Step 202: and generating a feature vector according to the label, inputting the feature vector into the pre-trained neural network, and obtaining an identification result output by the neural network.
In the specific implementation process of step 202, one-hot encoding is performed on the labeled features to form multidimensional feature codes, then the encoded feature vectors are spliced to form two-dimensional image codes, and then the codes are identified by using a pre-trained neural network to complete the final judgment on whether there is intermediary intervention.
Please refer to fig. 5, fig. 5 is a schematic structural diagram of a deep learning model according to an embodiment of the present disclosure.
In a preferred embodiment, regarding the pre-training of the neural network, a deep learning model is constructed by using Pytorch, and the spatial features are extracted by changing the number of channels, down-sampling, receptive fields and focusing through four-layer convolution, and then classified by using Softmax. For example, as shown in FIG. 4, the model may be a 5-tier network, with four layers of convolution kernels, and one layer of softmax. Inputting two-dimensional features of 10 × 1, changing the number of channels through the convolution layer Conv1, and forming a feature diagram of 10 × 128 without other transformation; changing the number of channels and down-sampling through the convolution layer Conv2 to form a 5 × 256 feature map; after passing through the convolutional layer Conv3, spatial features are focused and extracted, the receptive field is increased to form a feature map of 3 × 512, after passing through the convolutional layer Conv4, a larger receptive field is focused, the number of channels is increased to prepare for classification, and finally, the classification is carried out by using Softmax.
Fig. 6 is a schematic diagram of a video recognition system 300 according to an embodiment of the present application. Fig. 6 shows a signal separation module 301, a feature extraction module 302, and a decision module 303.
The signal separation module 301: the face recognition device is used for carrying out audio and video separation on the collected face recognition living body video signals and respectively obtaining audio signals and video signals; wherein the video signal comprises an object to be authenticated.
In the specific implementation process of the signal separation module 301, the audio and video separation is performed on the acquired video signal first, where the audio and video separation mainly refers to separation of a video part from a sound part in the original video signal, so as to perform separate analysis on an audio signal of the sound part and a signal of the video part.
The feature extraction module 302: the method is used for extracting the characteristics of the audio signal and the video signal to obtain the audio characteristics corresponding to the audio signal and the video characteristics corresponding to the video signal.
In the specific implementation process of the feature extraction module 302, feature extraction is performed on the video signal obtained in the signal separation module 301, corresponding audio features are extracted from the audio signal, and corresponding video features are extracted from the video signal.
A judging module 303: the voice frequency characteristic and the video frequency characteristic are input into a pre-trained utilization neural network, and a recognition result output by the neural network is obtained; and the identification result is used for representing whether the living body video signal is finished under the guidance of the medium for the object to be verified.
In the specific implementation process of the determining module 303, since the relevant neural network has been trained in advance, in this module, the extracted audio features and video features may be input into the relevant neural network, and the neural network performs comprehensive analysis on the audio features and the video features to obtain a comprehensive recognition result, so as to determine whether the relevant video recorded by the face recognition of the user is completed under the guidance of an intermediary, rather than being completed voluntarily when the user performs the face recognition.

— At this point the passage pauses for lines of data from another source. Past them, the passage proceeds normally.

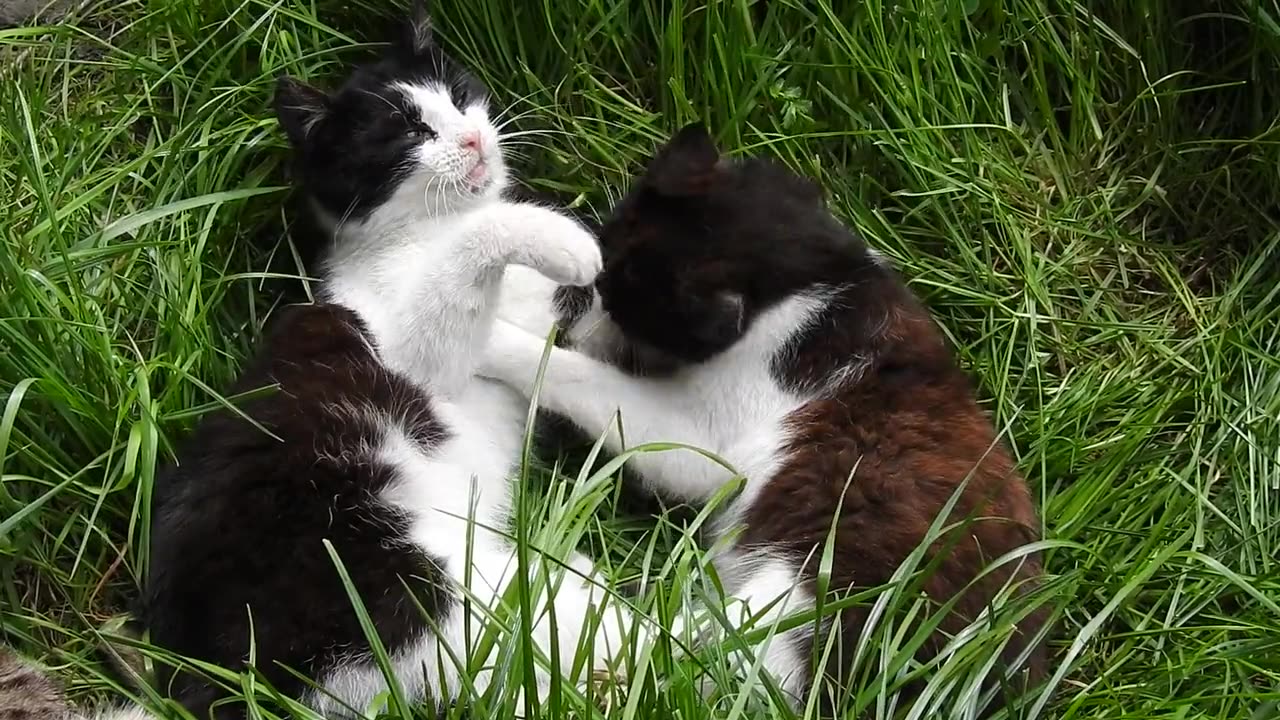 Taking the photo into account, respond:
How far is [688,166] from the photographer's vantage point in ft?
6.56

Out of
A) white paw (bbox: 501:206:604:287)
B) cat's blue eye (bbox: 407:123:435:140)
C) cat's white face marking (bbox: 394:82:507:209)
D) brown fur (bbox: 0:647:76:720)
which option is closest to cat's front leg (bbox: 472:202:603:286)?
white paw (bbox: 501:206:604:287)

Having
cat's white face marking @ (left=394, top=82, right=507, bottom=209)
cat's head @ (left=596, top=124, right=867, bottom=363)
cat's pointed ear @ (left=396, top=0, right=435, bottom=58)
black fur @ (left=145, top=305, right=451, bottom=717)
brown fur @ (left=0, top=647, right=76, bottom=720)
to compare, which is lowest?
brown fur @ (left=0, top=647, right=76, bottom=720)

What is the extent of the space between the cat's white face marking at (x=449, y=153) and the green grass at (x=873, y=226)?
28 cm

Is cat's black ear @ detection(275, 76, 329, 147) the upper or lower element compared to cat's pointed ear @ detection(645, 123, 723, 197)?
upper

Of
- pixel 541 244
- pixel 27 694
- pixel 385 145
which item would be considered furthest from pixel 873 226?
pixel 27 694

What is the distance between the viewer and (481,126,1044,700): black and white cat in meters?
1.83

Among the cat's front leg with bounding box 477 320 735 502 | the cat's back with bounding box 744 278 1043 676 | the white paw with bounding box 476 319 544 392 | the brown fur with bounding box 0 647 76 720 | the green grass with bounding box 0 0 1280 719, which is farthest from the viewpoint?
the white paw with bounding box 476 319 544 392

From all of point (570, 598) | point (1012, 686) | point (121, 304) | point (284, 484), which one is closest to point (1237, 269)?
point (1012, 686)

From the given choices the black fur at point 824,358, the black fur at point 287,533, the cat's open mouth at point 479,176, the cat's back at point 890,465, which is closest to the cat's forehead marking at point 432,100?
the cat's open mouth at point 479,176

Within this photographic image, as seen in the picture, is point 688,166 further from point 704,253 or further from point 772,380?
point 772,380

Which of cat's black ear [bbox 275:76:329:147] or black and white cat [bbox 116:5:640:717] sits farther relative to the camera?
cat's black ear [bbox 275:76:329:147]

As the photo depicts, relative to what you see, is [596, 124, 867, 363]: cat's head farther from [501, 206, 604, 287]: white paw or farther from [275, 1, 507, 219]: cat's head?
[275, 1, 507, 219]: cat's head

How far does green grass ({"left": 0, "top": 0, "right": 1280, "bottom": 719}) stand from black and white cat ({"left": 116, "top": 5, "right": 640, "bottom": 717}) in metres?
0.14

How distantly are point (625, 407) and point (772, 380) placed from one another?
0.30 meters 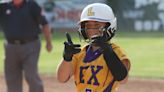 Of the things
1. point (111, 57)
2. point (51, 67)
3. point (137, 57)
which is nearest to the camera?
point (111, 57)

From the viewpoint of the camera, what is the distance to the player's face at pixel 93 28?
13.9 ft

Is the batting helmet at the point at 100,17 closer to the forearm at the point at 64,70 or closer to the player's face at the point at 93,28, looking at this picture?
the player's face at the point at 93,28

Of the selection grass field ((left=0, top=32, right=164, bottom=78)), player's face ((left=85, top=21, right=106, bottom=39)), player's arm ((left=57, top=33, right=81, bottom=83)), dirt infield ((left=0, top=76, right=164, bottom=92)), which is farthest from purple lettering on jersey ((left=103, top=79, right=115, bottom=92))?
grass field ((left=0, top=32, right=164, bottom=78))

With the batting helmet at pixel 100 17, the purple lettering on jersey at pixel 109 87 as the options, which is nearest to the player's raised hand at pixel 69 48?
the batting helmet at pixel 100 17

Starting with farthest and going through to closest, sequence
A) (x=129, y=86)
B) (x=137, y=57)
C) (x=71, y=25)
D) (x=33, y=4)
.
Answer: (x=71, y=25) → (x=137, y=57) → (x=129, y=86) → (x=33, y=4)

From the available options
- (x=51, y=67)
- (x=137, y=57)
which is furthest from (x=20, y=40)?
(x=137, y=57)

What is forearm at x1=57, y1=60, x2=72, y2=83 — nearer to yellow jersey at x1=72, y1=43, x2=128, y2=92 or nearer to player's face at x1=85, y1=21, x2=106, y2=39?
yellow jersey at x1=72, y1=43, x2=128, y2=92

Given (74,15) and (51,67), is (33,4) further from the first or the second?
(74,15)

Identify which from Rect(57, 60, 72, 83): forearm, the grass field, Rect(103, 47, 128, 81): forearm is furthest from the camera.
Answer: the grass field

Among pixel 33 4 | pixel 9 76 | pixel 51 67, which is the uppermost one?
pixel 33 4

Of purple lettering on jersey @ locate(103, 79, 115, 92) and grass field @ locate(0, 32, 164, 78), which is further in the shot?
grass field @ locate(0, 32, 164, 78)

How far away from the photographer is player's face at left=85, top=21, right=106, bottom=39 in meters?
4.23

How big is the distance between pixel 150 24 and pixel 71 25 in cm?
357

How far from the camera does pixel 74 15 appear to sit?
90.8 feet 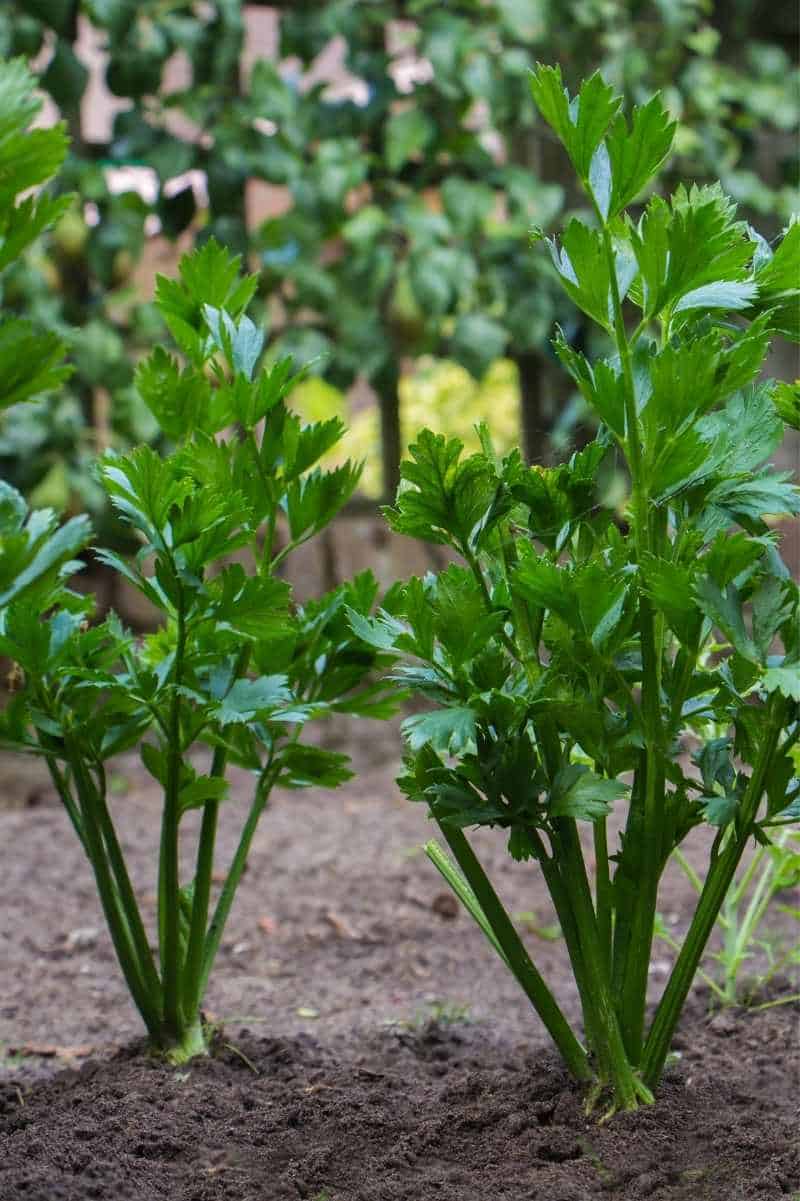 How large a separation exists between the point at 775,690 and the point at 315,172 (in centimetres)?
263

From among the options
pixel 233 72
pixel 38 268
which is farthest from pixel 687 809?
pixel 233 72

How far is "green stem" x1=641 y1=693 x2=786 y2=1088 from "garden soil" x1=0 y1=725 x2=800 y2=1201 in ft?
0.16

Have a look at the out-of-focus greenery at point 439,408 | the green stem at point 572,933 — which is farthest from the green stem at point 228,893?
the out-of-focus greenery at point 439,408

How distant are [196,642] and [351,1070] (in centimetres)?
50

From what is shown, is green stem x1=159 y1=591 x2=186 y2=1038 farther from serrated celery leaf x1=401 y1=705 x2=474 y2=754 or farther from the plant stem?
serrated celery leaf x1=401 y1=705 x2=474 y2=754

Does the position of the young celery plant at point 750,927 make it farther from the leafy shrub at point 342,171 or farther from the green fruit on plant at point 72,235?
the green fruit on plant at point 72,235

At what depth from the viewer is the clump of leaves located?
3.26 ft

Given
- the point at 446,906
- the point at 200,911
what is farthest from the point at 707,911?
the point at 446,906

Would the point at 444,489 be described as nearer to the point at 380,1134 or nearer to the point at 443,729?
the point at 443,729

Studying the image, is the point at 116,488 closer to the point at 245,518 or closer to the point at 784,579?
the point at 245,518

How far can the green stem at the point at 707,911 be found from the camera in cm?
105

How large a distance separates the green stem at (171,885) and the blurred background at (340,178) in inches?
77.9

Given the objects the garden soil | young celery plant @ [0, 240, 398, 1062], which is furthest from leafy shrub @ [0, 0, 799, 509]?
young celery plant @ [0, 240, 398, 1062]

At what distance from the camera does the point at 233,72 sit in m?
3.35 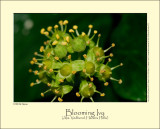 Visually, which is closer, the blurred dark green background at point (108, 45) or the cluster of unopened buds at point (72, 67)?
the cluster of unopened buds at point (72, 67)

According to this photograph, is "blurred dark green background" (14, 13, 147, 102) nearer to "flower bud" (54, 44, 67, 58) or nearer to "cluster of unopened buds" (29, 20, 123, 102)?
"cluster of unopened buds" (29, 20, 123, 102)

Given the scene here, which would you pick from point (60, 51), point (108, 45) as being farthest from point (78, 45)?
point (108, 45)

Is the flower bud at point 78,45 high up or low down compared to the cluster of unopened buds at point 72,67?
up

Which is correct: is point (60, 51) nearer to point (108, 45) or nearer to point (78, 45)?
point (78, 45)

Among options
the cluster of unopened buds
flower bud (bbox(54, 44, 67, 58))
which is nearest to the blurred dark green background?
the cluster of unopened buds

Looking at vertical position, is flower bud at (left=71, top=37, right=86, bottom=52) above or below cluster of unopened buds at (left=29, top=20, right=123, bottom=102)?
above

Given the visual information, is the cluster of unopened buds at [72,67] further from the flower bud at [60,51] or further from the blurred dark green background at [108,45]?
the blurred dark green background at [108,45]

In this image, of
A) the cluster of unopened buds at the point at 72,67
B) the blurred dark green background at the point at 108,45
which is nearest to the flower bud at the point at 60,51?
the cluster of unopened buds at the point at 72,67

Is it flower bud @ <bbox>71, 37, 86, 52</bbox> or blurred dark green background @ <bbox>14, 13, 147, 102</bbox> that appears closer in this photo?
flower bud @ <bbox>71, 37, 86, 52</bbox>

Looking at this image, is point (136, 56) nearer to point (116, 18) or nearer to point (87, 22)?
point (116, 18)
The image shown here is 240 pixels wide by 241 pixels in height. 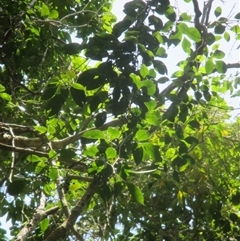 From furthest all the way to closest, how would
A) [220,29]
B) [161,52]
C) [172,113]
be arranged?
[220,29], [172,113], [161,52]

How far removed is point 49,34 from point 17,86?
396mm

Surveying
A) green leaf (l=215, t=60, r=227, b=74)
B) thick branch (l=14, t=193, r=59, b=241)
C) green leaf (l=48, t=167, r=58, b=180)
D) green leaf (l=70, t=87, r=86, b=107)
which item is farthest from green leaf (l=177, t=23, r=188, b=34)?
thick branch (l=14, t=193, r=59, b=241)

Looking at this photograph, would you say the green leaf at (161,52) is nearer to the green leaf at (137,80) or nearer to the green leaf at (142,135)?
the green leaf at (137,80)

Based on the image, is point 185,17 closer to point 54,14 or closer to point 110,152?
point 110,152

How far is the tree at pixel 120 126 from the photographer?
1.29 metres

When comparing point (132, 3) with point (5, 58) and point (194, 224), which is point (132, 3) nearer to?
point (5, 58)

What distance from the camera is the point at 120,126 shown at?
1383 mm

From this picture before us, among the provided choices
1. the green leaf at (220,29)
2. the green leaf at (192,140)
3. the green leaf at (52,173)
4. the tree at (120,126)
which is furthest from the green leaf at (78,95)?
the green leaf at (220,29)

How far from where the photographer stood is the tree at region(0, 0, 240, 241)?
1287 millimetres

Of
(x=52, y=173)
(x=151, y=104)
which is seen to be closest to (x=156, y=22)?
(x=151, y=104)

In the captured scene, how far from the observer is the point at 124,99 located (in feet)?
4.19

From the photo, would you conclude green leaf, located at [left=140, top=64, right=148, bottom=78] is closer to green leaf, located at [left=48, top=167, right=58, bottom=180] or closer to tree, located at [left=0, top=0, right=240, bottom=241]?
tree, located at [left=0, top=0, right=240, bottom=241]

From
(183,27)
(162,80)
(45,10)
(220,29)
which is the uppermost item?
(45,10)

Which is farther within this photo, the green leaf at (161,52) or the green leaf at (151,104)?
the green leaf at (161,52) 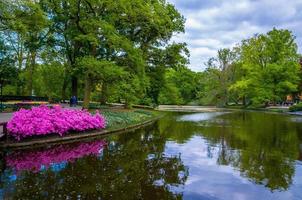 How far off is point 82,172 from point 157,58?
28530 mm

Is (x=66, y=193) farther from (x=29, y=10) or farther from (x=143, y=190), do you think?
(x=29, y=10)

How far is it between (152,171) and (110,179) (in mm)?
1732

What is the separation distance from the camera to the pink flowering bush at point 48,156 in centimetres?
1103

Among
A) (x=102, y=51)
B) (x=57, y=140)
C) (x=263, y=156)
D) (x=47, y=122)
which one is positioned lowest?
(x=263, y=156)

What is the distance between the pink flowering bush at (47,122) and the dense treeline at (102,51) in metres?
5.37

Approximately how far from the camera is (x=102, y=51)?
96.4 feet

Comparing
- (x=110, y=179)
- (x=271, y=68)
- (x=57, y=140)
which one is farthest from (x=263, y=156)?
(x=271, y=68)

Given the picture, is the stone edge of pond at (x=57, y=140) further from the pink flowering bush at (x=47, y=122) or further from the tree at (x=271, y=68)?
the tree at (x=271, y=68)

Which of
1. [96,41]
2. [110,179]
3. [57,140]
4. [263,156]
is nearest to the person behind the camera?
[110,179]

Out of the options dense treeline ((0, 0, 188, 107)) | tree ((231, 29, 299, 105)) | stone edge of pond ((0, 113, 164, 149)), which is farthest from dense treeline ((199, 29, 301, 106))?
stone edge of pond ((0, 113, 164, 149))

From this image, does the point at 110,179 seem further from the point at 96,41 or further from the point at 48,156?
the point at 96,41

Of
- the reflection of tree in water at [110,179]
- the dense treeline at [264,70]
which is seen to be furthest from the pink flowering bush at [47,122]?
the dense treeline at [264,70]

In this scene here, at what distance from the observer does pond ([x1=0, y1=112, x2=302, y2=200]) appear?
851 centimetres

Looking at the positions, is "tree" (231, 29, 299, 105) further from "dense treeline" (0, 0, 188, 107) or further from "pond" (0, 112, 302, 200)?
"pond" (0, 112, 302, 200) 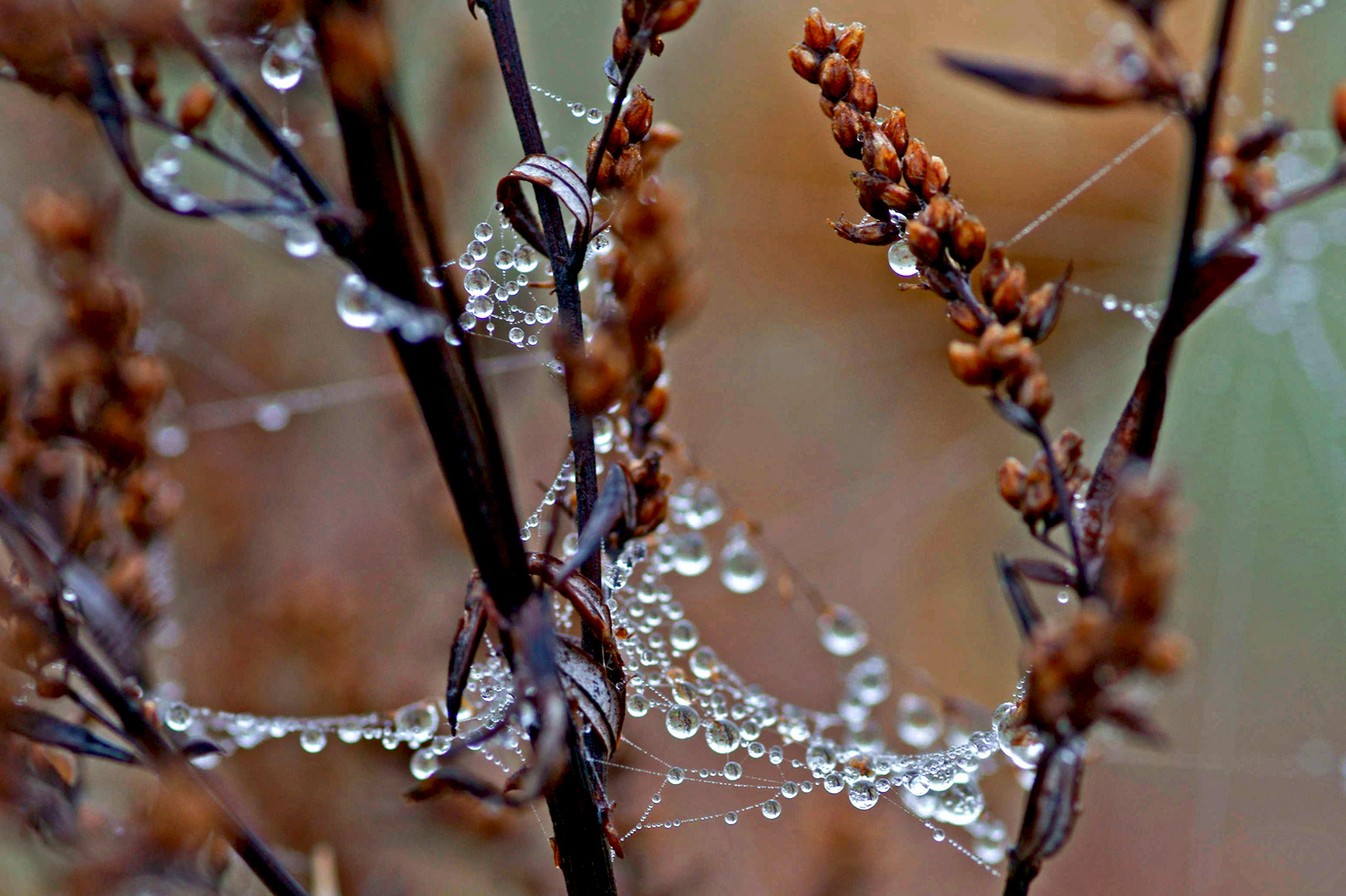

Further, in a specific implementation process of the feature extraction module 302, the audio feature includes the number of speakers in the audio signal and/or whether the audio feature includes the first keyword. Under the condition of intermediary intervention, the intermediary commands the human face recognizer to operate, so that multiple speakers are likely to speak, and the number of the speakers is judged by the audio characteristics, so that whether the multiple speakers speak or not can be determined. In addition, under the condition that the intermediary intervenes, the intermediary guides a human face recognizer to operate, some key words can be involved, and in the audio feature extraction, the key words are extracted, so that whether the intermediary intervenes can be preliminarily judged. The video features comprise shooting angle features, face features and shooting scene features, and each feature can be used for basically and primarily judging whether the problem of intermediary intervention exists or not.
Further, in the process of extracting the audio signal, the feature extraction module 302 firstly intercepts the audio signal, that is, segments the voice data, and firstly determines a time interval of interception, in a preferred embodiment, the interception of the voice data is performed at an interval of 1 second, and after the interception is completed, a plurality of audio segments can be obtained, where the duration of each audio segment is 1 second. And then, carrying out similarity calculation on each audio segment, carrying out similarity comparison on the current voice characteristic and the previous voice characteristic, and classifying the audio segments with high similarity into one class. Each class can be regarded as the same speaker because of similarity, and the classification into several classes means how many speakers exist, so that whether the speakers speak for more than one person can be judged. And then, different audio segments under the same type are spoken and spliced to form a new long audio, and then the long video is subjected to voice recognition by using a function of converting voice into text, so that whether the keywords are involved in the voice is judged.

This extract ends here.